January 31, 2011
I’ve written pretty regularly about SaaS billing and subscription services and how, in my view, they’re an indicator for the greater cloud economy. Given that then it’s pretty interesting to see the results just announced by Aria Systems and Vindicia recently (Zuora is still in its current quarter and their results will be out in a couple of weeks). So what are they both reporting, and what does it mean for the billing and subs industry generally?

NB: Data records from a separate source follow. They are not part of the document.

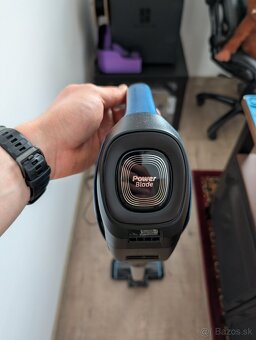 Tyčový vysávač - Phlips Speedpro Aqua - 2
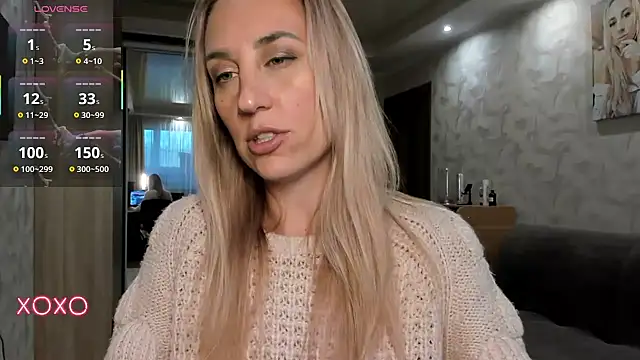 Snapshot of lady_Nati chatting on 10.01.25 lady Nati online show from 10.01.25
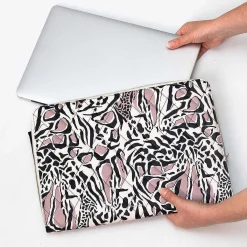 Barnaby Giraffe Quilted 15-Inch Laptop Case>Ted Baker Discount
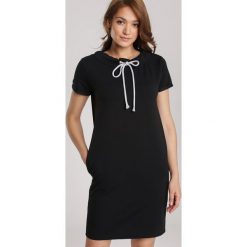 Czarna Sukienka Physaphite. Czarne sukienki damskie Renee, na lato, s, bez wzorów, bez kołnierzyka, bez rękawów. Za 69,99 zł.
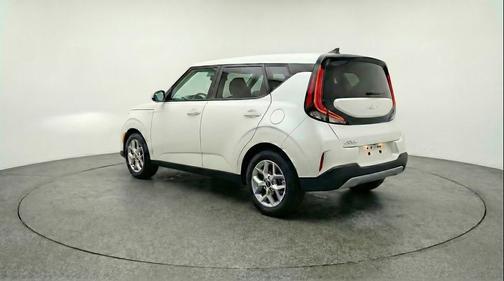 Snow White Pearl 2025 Kia Soul LX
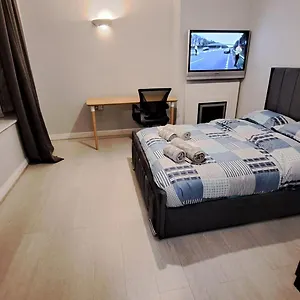 Guest house Fenia Estate, Barking (Greater London)
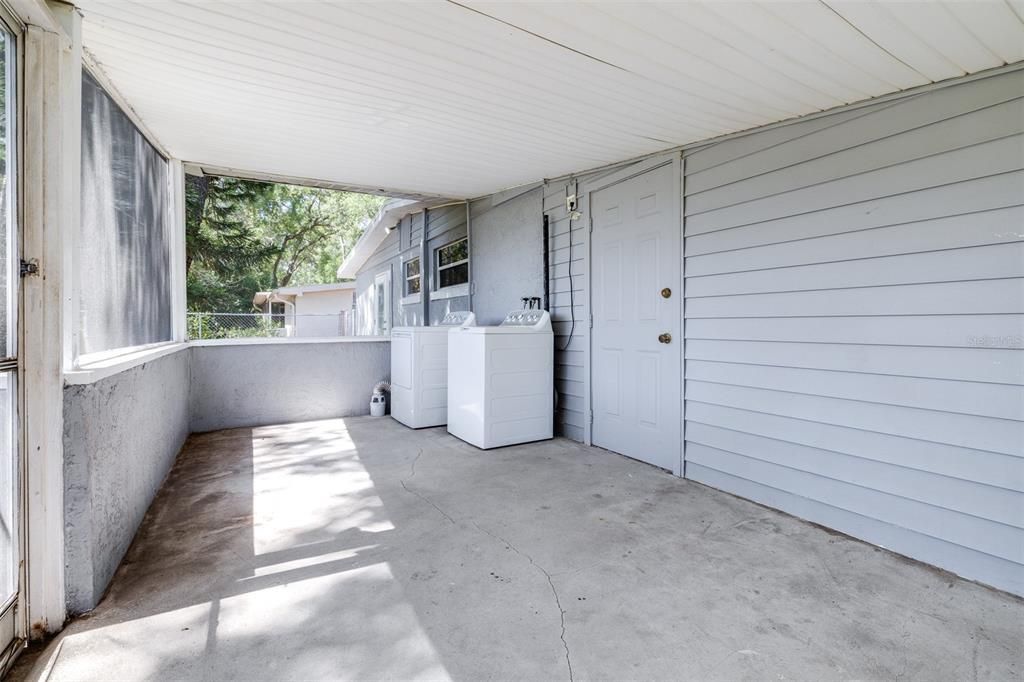 Recently Sold: $250,000 (2 beds, 1 baths, 734 Square Feet)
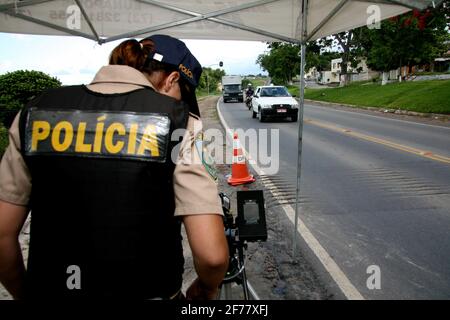 Eunapolis, bahia / brasile - 28 dicembre 2007: Ufficiale federale di polizia stradale - PRF - visto radar di velocità operativa sulla Federal Highway BR 101 nella città Foto Stock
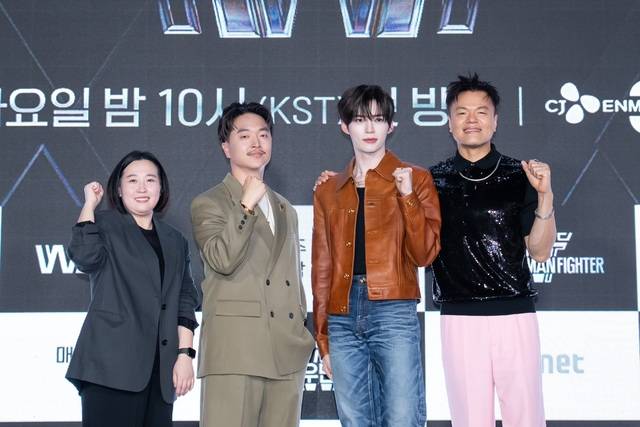 최정남 PD, 댄서 마이크 송, 그룹 제로베이스원(ZEROBASEONE) 성한빈, 가수 겸 프로듀서 박진영(왼쪽부터)이 27일 오전 10시 30분 서울 강남구 에스제이쿤스트할레에서 열린 '월드 오브 스트릿 우먼 파이터'(WSWF)' 제작발표회에서 포즈를 취하고 있다. /Mnet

In terms of financials, Aria reports that Q4 bookings have tripled, and average first-year transaction size more than doubled compared to Q4 2009. Interestingly, Aria is claiming that they’re winning larger customers and more strategic initiatives than previously – although there are no metrics to back this claim up. Aria is working hard on its partner ecosystem, particularly the NetSuite and Salesforce.com integrations, but they’ve also released Aria SubscriptionsPlus for PayPal, a subscription management and recurring billing product which gives PayPal’s global merchant base SaaS-based subscription billing capabilities. Finally, in terms fo partnerships, they’ve collaborated with VMware to introduce the Aria Cloud Revenue Adapter for vCloud Director, automating service activation, usage tracking, billing and collections.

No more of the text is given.